Skrupellose Vorgesetzte

Als eine weitere Gefahr bezeichnete der Jesuit auch das «Ausnutzen von Enthusiasmus» und eines übermässigen Vertrauens junger Novizinnen durch den beziehungsweise die Oberen. Es gebe aber auch «skrupellose Vorgesetzte», die willkürlich darüber entscheiden, wer eine Ausbildung fortsetzen dürfe, so als wäre dies «eine Art Preis, der den Loyalsten und Nachgiebigsten verliehen wird und diejenigen ausschliesst, die anders denken», heisst es in dem Artikel.

Kritik übte der Jesuitenpater darüber hinaus auch an der Praxis, Berufungen aus anderen Ländern zu «importieren» und junge Frauen als «Aushilfen» zu benutzen, anstatt ihnen bestmögliche Ausbildung zu garantieren. Diese Betroffenen seien in dem neuen Land in Ermangelung der nötigen Sprachkenntnisse nicht in der Lage, für sich selbst einzustehen. Zudem würden Betroffene das Ordenshaus oft nicht als Gemeinschaft, sondern als «Gefängnis» empfinden, da sie es teils nur selten verlassen dürften.

Kirche muss Betroffenen Stimme geben

Das Aufzeigen von Missbrauch sei keine Minderung des Werts von Frauenorden und auch keine Schaffung neuer Vorurteile, betonte Cucci. Das Hinterfragen der vielen verschiedenen Arten von Führung, Autorität und Lebensweisen der Frauenorden sei vielmehr eine «Chance» – ebenso wie die Kirche aber auch dazu verpflichtet sei, Missbrauchs-Betroffenen Stimme und Unterstützung zu geben. Das Missbrauchs-Phänomen weise eine Vielzahl von Aspekten und Schweregraden auf, so der Ordensmann weiter.

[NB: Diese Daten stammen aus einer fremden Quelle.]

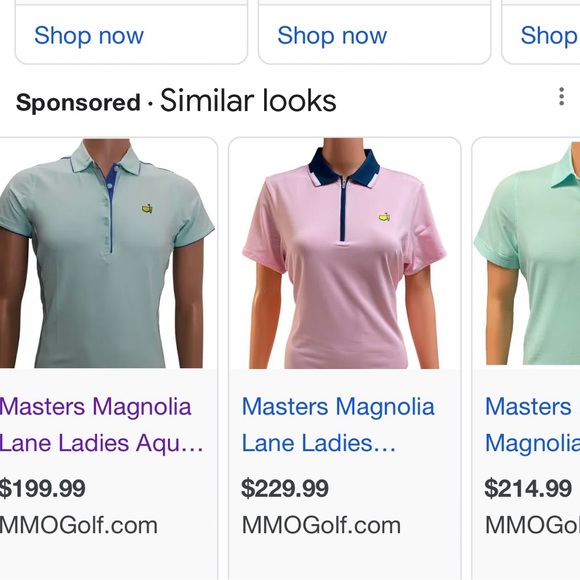 NEW GOLF SHIRT - Magnolia Lane Masters - Augusta Golf Polo - Picture 10 of 11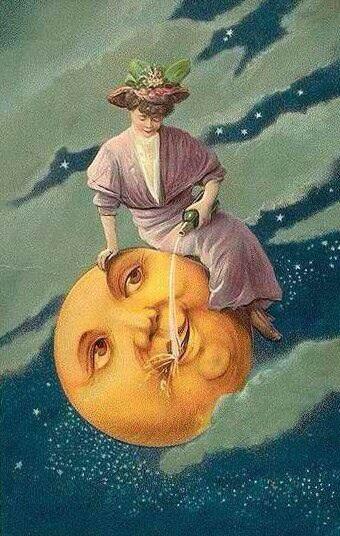 docscantlin's tweet image. Has a great party with the supermoon:)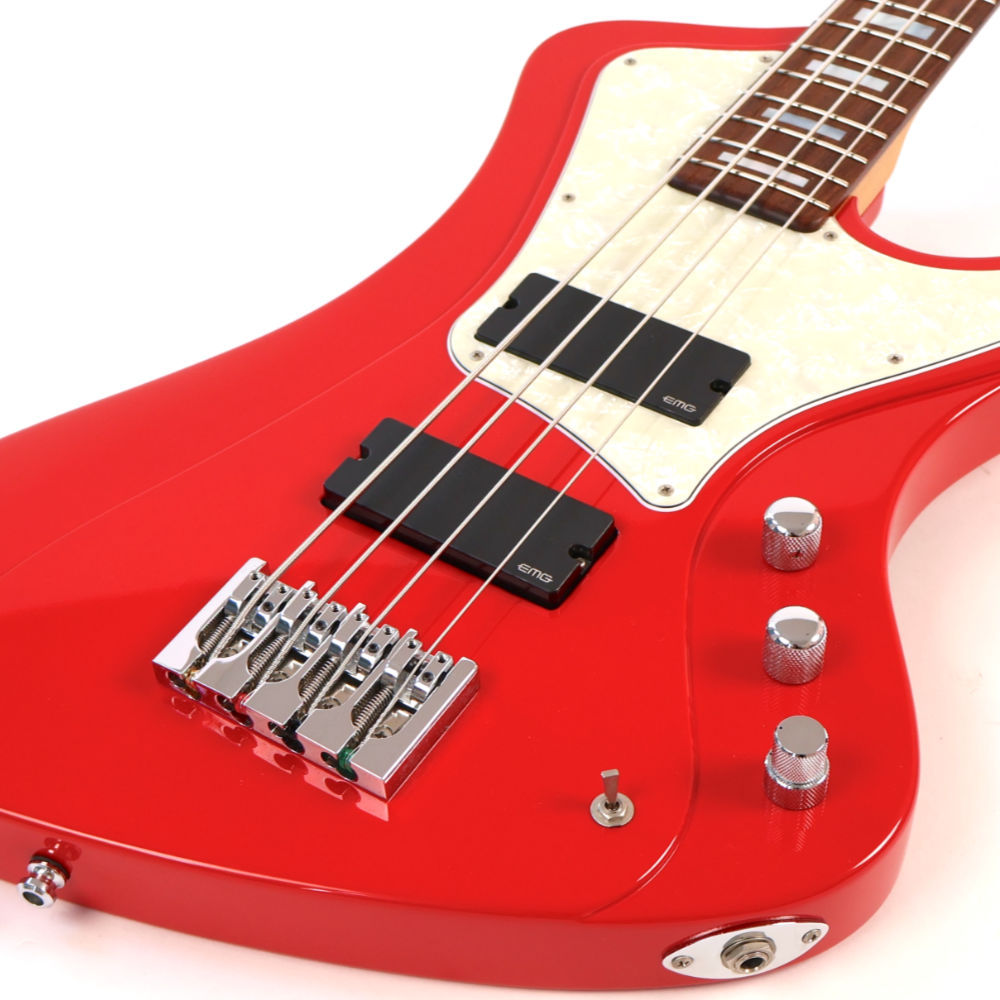 ESP RD　エレキベース ESP 【中古】エレキベース ESP STREAM BASS Fiesta Red（中古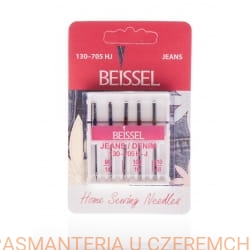zestaw igieł BEISSEL do jeansu - mix (igła, igły) 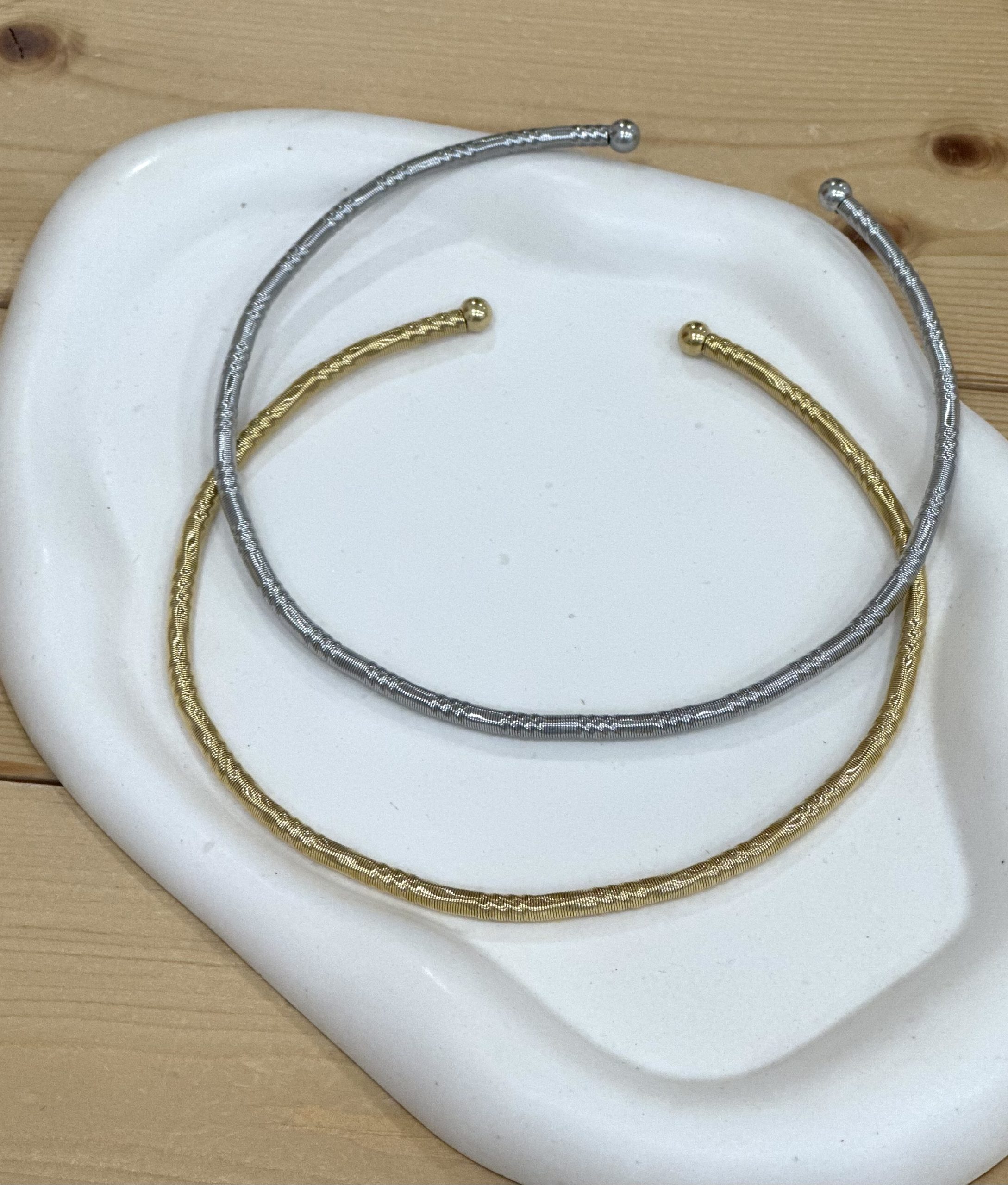 ατσάλινο τσόκερ cprcollection Ίλιον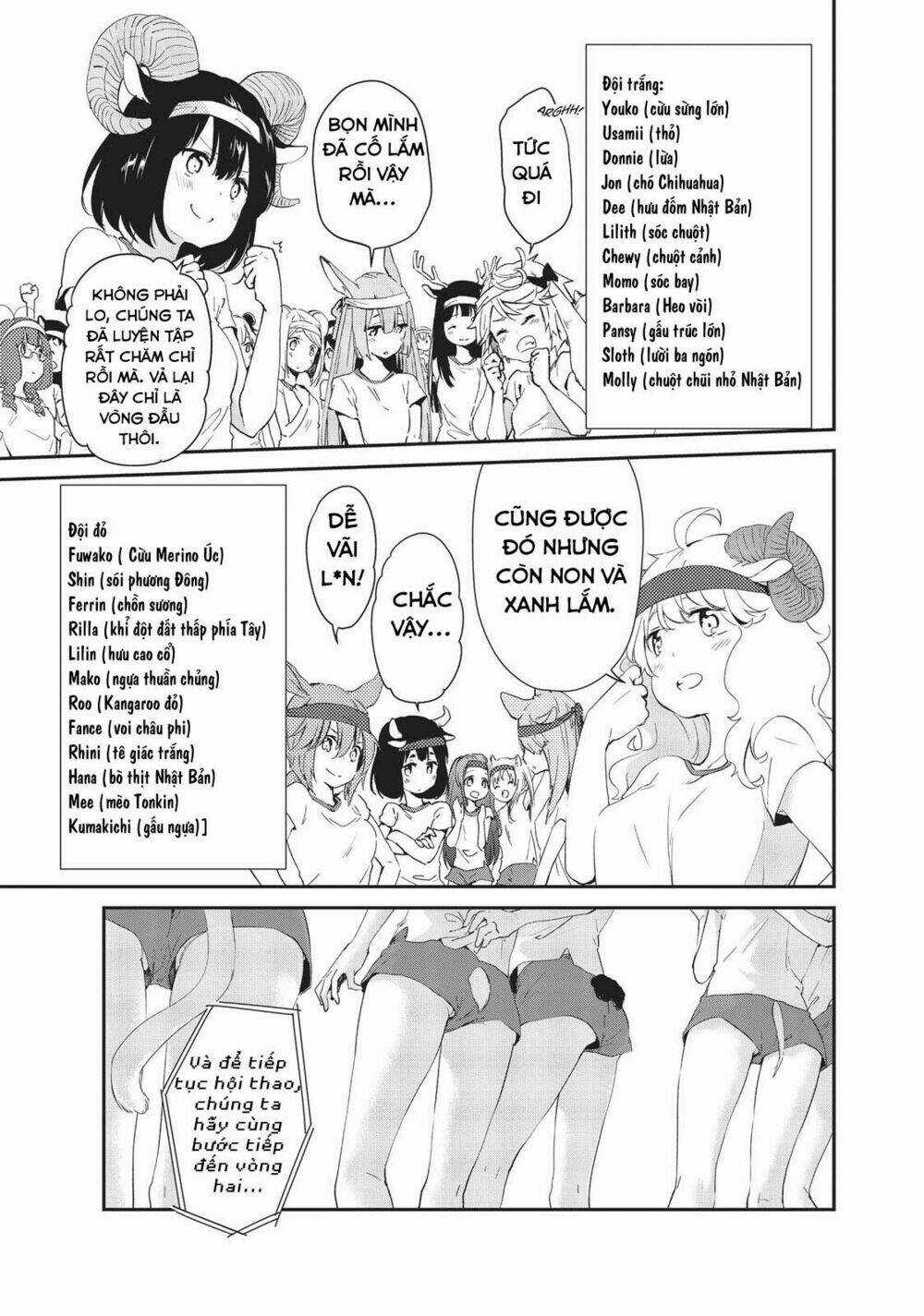 Dna Doesnt Tell Us - Chapter 8 - Trang 7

Sei die Kirche an der Glaubwürdigkeit ihrer Stimme gelegen, so müssten «alle Formen des Missbrauchs gleichermassen» aufgedeckt werden.

Im März 2019 sorgte der deutsch-französische Fernsehsender Arte mit einem Dokumentarfilm zum gleichen Thema für Furore. Im Film «Gottes missbrauchte Dienerinnen» erhebt eine Protagonistin, Doris Wagner, den Vorwurf, von einem Priester der Gemeinschaft «Das Werk» vergewaltigt worden zu sein. Ein Rechtsanwalt der Gemeinschaft erwirkte daraufhin eine richterliche Verfügung gegen den TV-Sender, worauf dieser den Film vom Netz nehmen musste. Der Film war auch auf Schweizer Fernsehen SRF ausgestrahlt worden. (kap/sys)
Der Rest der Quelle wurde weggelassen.